• [WHAT THE EXERCISE ASKS] Write the data out again exactly, dropping any images it holds.

• [COLLECTED DATA]
——————————
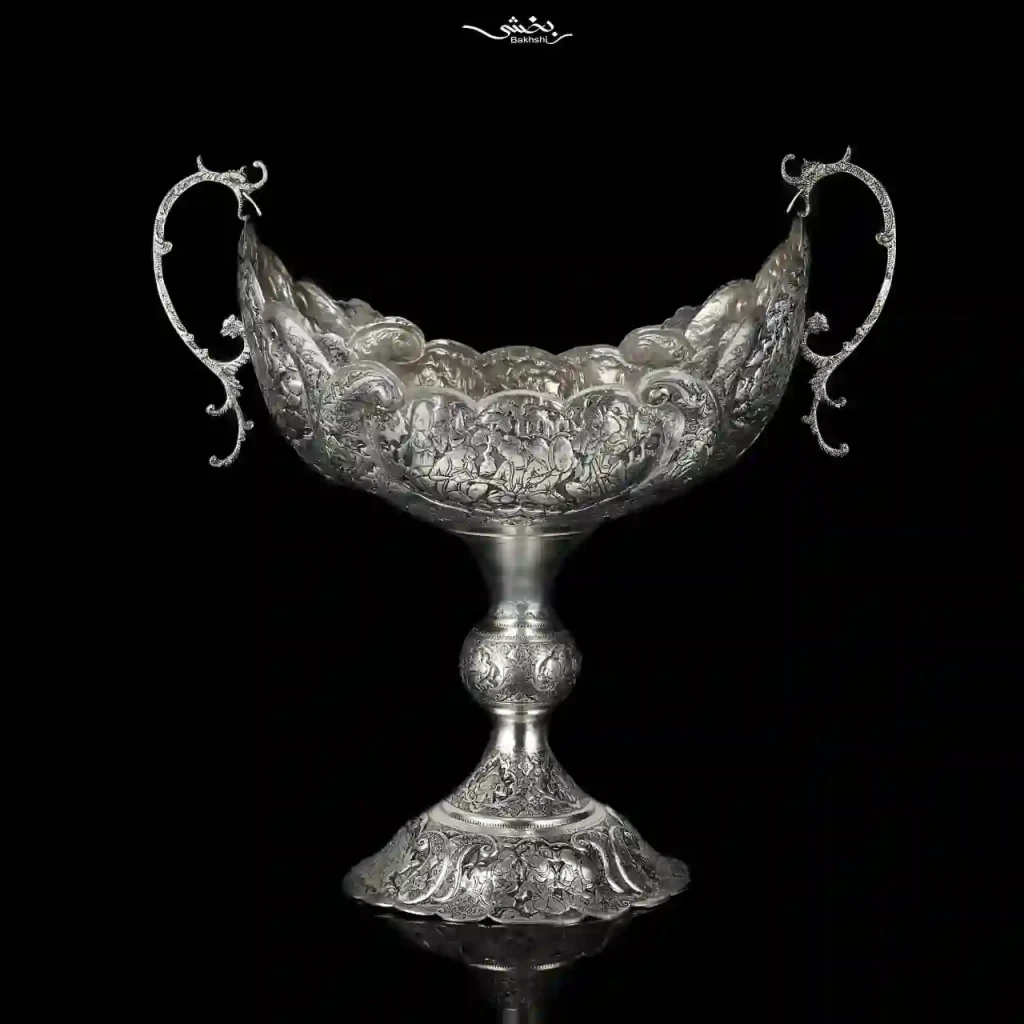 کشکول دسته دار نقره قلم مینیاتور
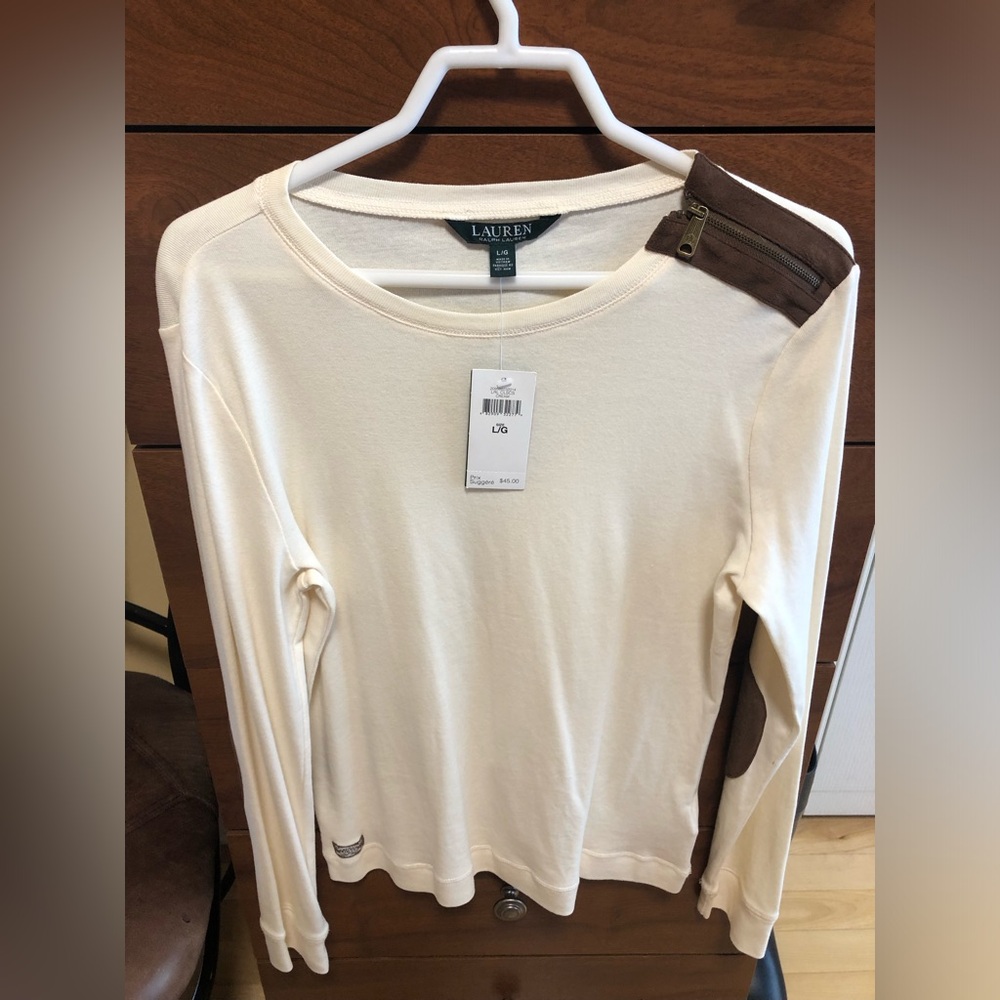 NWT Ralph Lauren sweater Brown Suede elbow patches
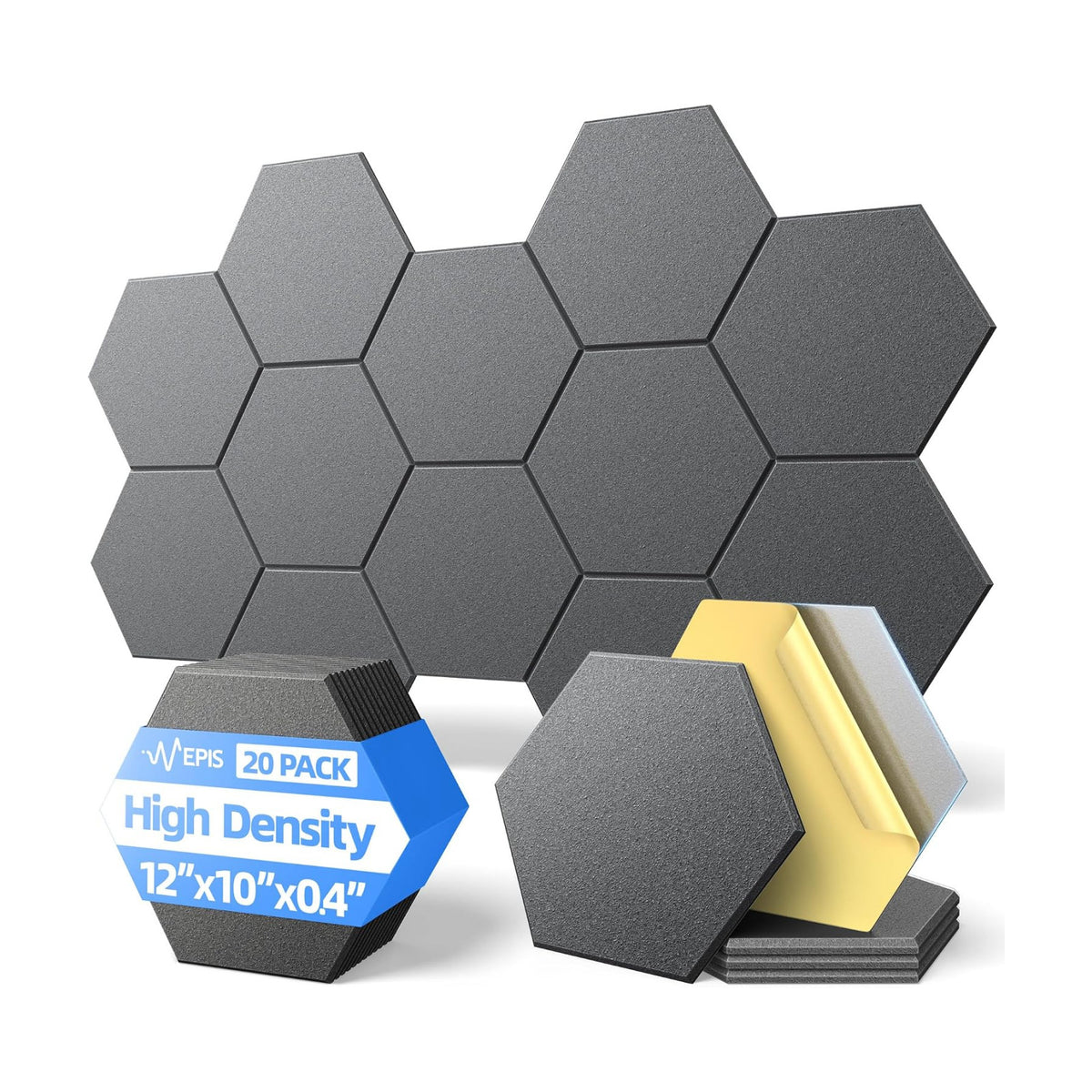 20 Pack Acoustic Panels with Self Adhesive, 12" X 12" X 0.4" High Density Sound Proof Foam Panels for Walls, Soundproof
——————————
• [RESULT OF THIS EXERCISE]
 کشکول دسته دار نقره قلم مینیاتور
 NWT Ralph Lauren sweater Brown Suede elbow patches
 20 Pack Acoustic Panels with Self Adhesive, 12" X 12" X 0.4" High Density Sound Proof Foam Panels for Walls, Soundproof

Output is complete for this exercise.